YOUR INSTRUCTIONS: Output exactly the lines that come between the start of the material and the line containing "תחרה 40מ - וינטג", both ends included, with the pictures omitted.

***** RECORDS *****

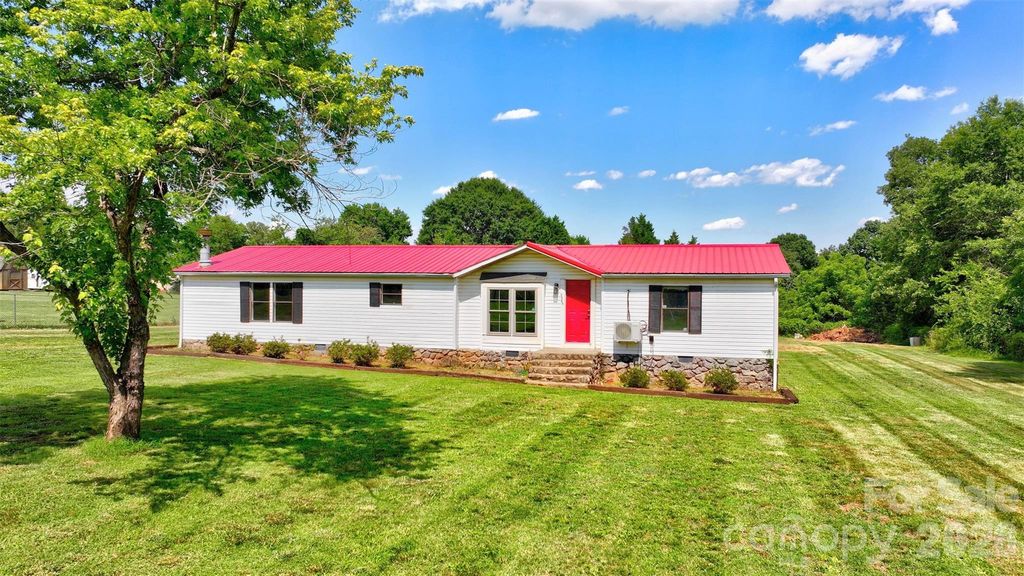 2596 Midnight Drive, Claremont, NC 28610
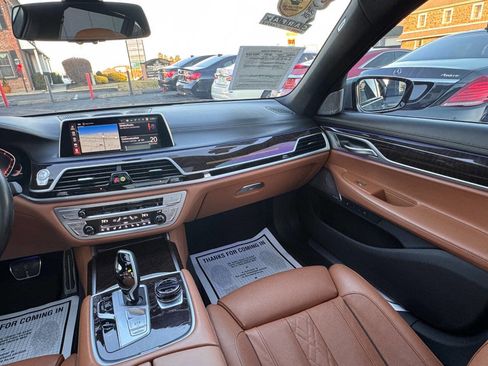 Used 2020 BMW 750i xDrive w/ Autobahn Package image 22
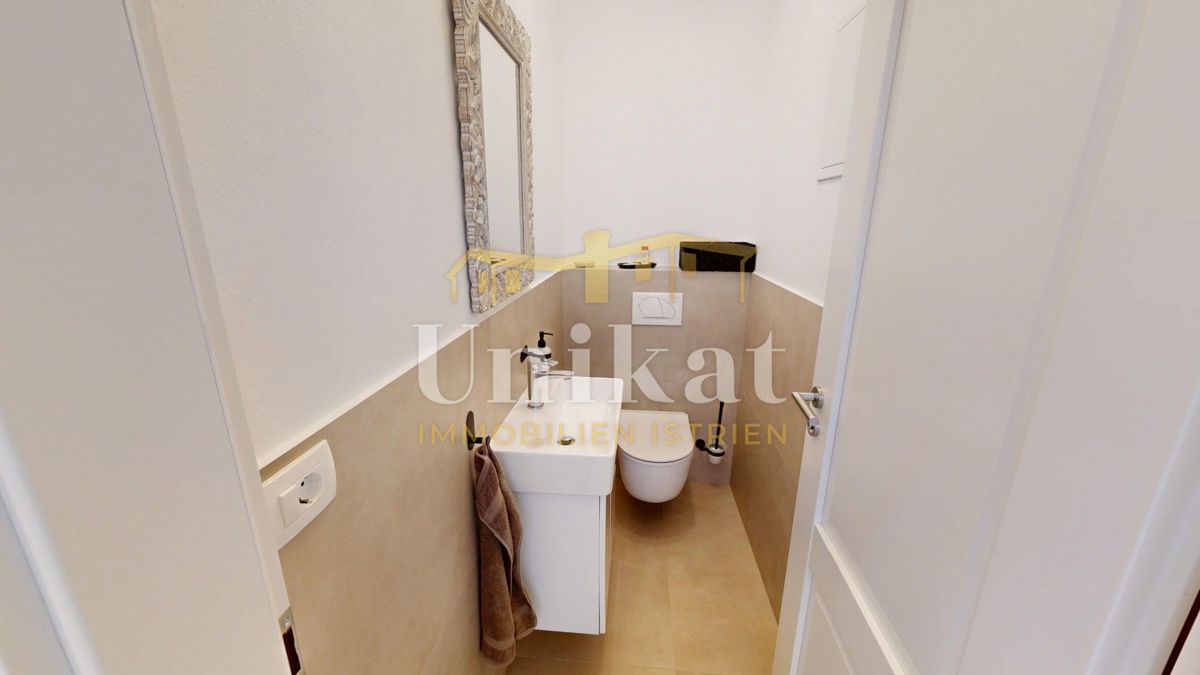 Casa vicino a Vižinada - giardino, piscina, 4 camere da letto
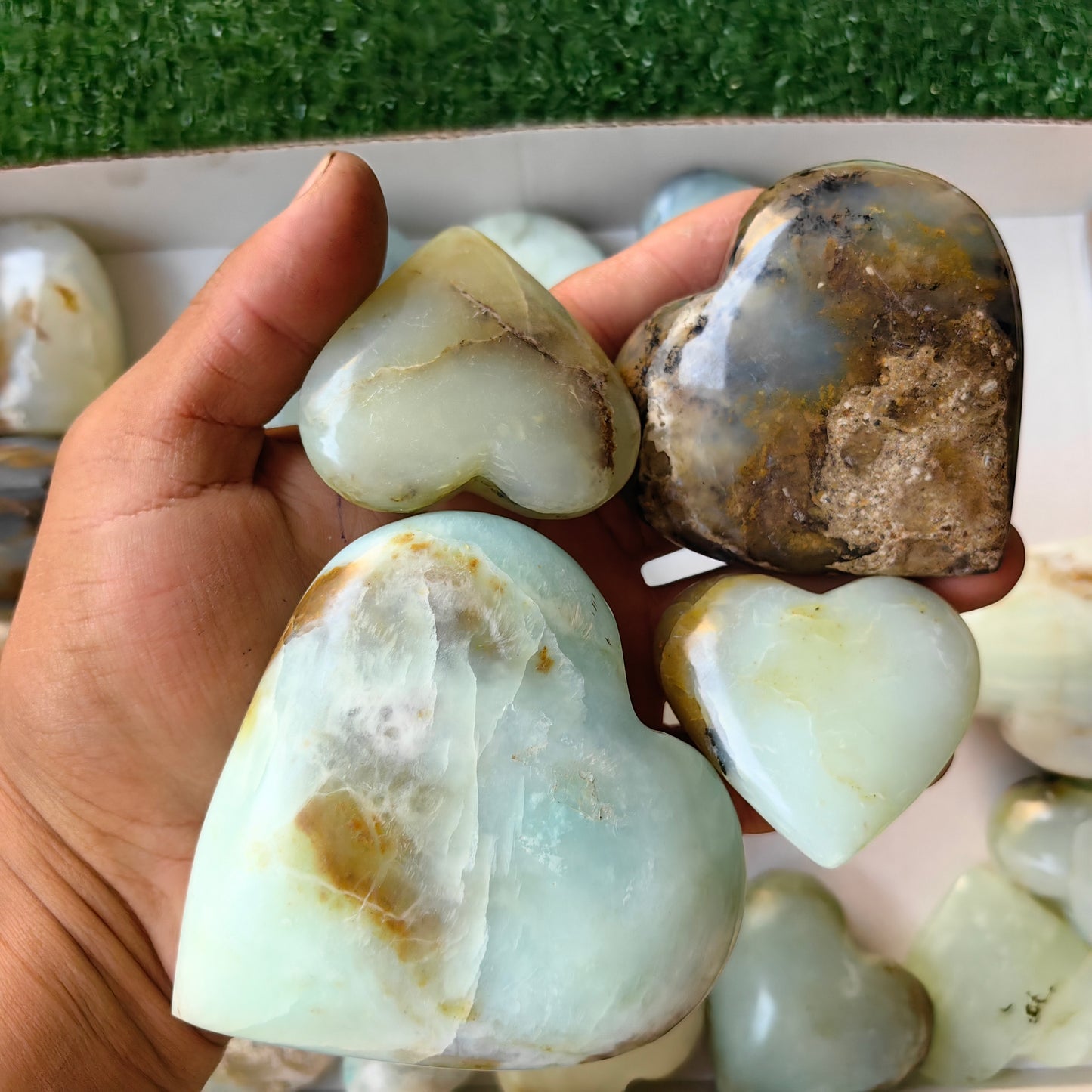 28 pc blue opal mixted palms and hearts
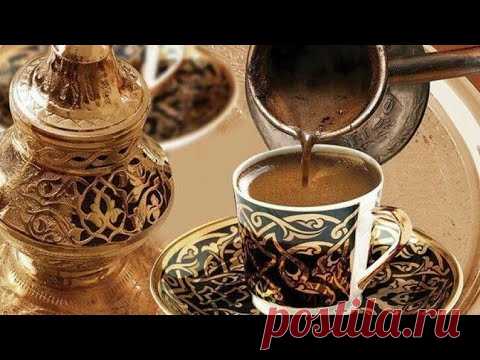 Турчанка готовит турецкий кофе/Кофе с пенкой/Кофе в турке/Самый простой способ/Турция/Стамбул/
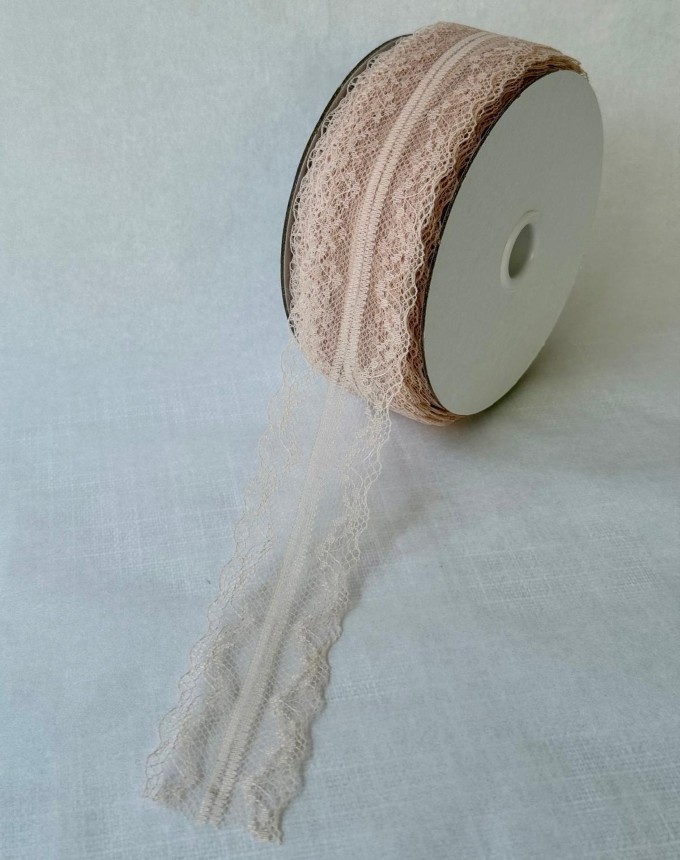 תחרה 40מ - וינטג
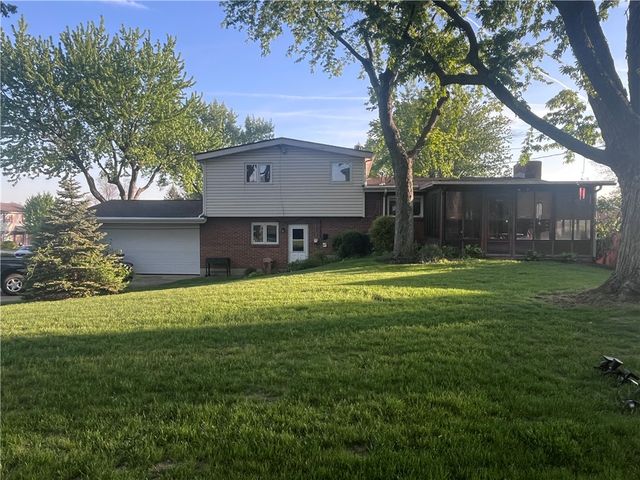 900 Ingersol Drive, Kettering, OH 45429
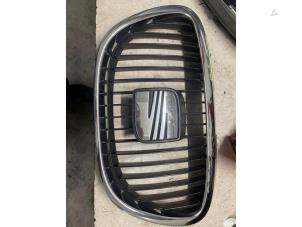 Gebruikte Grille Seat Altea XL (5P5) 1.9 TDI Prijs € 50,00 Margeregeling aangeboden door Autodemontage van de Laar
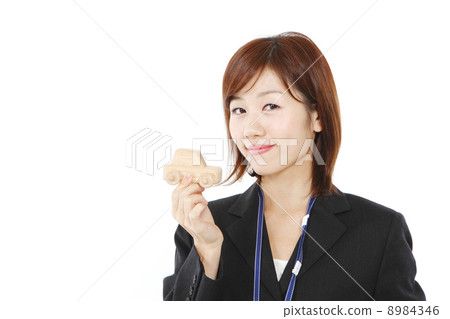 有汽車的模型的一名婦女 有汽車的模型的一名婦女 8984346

*****

YOUR SOLUTION:
 2596 Midnight Drive, Claremont, NC 28610
 Used 2020 BMW 750i xDrive w/ Autobahn Package image 22
 Casa vicino a Vižinada - giardino, piscina, 4 camere da letto
 28 pc blue opal mixted palms and hearts
 Турчанка готовит турецкий кофе/Кофе с пенкой/Кофе в турке/Самый простой способ/Турция/Стамбул/
 תחרה 40מ - וינטג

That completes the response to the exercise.